Work request: Would you please return the lines of the entries below starting at the line that has "Abbildung von: Island on Fire - Pegasus Books" and ending at the line that has "Shed! Ryugasaki-San - Chapter 33 - Trang 6", both included, exactly as they are?

===== Records for the exercise

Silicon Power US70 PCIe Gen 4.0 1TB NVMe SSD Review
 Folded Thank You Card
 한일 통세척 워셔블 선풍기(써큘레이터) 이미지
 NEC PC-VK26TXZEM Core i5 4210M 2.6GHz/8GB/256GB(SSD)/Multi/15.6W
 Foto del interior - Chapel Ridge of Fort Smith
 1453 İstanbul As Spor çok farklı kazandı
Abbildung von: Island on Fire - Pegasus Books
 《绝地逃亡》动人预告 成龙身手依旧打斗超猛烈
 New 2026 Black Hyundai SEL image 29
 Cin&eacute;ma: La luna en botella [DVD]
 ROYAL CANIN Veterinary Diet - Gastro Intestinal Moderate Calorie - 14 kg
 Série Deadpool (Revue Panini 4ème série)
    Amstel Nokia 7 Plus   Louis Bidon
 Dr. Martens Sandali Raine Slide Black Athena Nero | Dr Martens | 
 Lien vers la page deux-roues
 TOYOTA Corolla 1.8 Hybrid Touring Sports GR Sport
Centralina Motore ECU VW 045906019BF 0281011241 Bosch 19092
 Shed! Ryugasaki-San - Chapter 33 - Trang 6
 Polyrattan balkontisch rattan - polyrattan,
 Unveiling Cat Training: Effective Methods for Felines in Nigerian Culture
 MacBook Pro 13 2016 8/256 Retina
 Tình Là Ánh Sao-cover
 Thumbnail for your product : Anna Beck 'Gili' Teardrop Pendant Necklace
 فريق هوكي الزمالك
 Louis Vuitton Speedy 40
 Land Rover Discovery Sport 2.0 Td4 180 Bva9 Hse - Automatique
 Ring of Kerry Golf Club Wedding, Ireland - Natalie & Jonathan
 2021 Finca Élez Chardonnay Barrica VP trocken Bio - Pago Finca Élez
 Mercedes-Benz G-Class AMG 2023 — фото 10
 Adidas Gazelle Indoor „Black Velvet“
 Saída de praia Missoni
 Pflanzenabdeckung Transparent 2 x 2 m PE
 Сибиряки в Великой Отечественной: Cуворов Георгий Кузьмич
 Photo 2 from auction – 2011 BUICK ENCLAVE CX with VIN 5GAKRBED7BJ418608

==========

Task response:
Abbildung von: Island on Fire - Pegasus Books
 《绝地逃亡》动人预告 成龙身手依旧打斗超猛烈
 New 2026 Black Hyundai SEL image 29
 Cin&eacute;ma: La luna en botella [DVD]
 ROYAL CANIN Veterinary Diet - Gastro Intestinal Moderate Calorie - 14 kg
 Série Deadpool (Revue Panini 4ème série)
    Amstel Nokia 7 Plus   Louis Bidon
 Dr. Martens Sandali Raine Slide Black Athena Nero | Dr Martens | 
 Lien vers la page deux-roues
 TOYOTA Corolla 1.8 Hybrid Touring Sports GR Sport
Centralina Motore ECU VW 045906019BF 0281011241 Bosch 19092
 Shed! Ryugasaki-San - Chapter 33 - Trang 6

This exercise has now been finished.